Sehingga tenggang waktu pengembalian terhitung sejak diketahui kerugian negara yang tercatat
dalam LHP BPK Ri. Dimana dalam perkara ini pengembalian kerugian negara telah melampaui
tenggang waktu yan ditentukan selama 60 hari karena diketahui LHPnya pada 4 Juli 2013 dan baru
dikembalikan 4 November 2013. Dimana kembali peristiwa ini telah melanggar Pasal 23 UU Nomor
15 Tahun 2004 tentang Pemeriksaan Pengelolaan dan Tanggung Jawab Keuangan Negara.
"Sekali lagi kami berharap dengan semua fakta itu, maka hakim harus memberikan putusan
terbaiknya karena dampak keputusan ini nantinya akan sangat berpengaruh bagi penegakkan hukum
bukan hanya di Sumut tetapi di Indonesia. Karena bila hakim memutuskan bahwa apa yang dilakukan
oleh Kejatisu itu tidak melanggar maka hancurlah negara kita ini," tegas Warda.
Lembaga Kajian Kebijakan Publik Sekjen (LKKP) Hans menyebutkan terbitnya Surat Penghentian
Penyidikan Perkara (SP3) untuk kasus dugaan korupsi pengadaan lahan di RSUD Nias Selatan
(Nisel) yang dilakukan Kejaksaan Tinggi Sumatera Utara (Kejatisu) dinilai syarat akan intervensi
politik.
Menurutnya ada campur tangan politikus terkait SP3 kasus ini.

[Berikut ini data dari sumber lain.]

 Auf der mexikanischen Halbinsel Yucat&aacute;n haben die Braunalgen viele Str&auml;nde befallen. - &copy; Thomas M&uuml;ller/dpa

Sebab berdasarkan kajian yang
mereka lakukan, salah seorang tersangka yang ditetapkan dalam kasus tersebut saat ini tercatat
sebagai calon Walikota Gunung Sitoli berpasangan dengan saudara salah seorang menteri.
Sementara terkait gugatan yang diajukan sejumlah lembaga terkait penghentian perkara ini di PN
Medan, Sekjen Lembaga Kajian Kebijakan Publik (LKKP), Hans Wijaya berharap hakim tunggal yang
menangani perkara ini tidak terpengaruh dengan adanya intervensi politik sebab menurutnya
penerbitan SP3 kasus itu tidak mempunyai kekuatan hukum.
Putusan terhadap gugatan SP3 dugaan korupsi RSUD Nisel ini dijadwalkan pada Kamis 21 Oktober
2015 di PN Medan.
Sejumlah lembaga yang melakukan gugatan berencana akan menggelar aksi meminta agar hakim
yang menangani perkara ini mengabulkanan gugatan mereka.
Sebelumnya, 11 Agustus 2015, pihak kejatisu mengeluarkan SP3 atas diri para tersangka dengan
alasan mereka telah mengembalikan uang kerugian negara tersebut.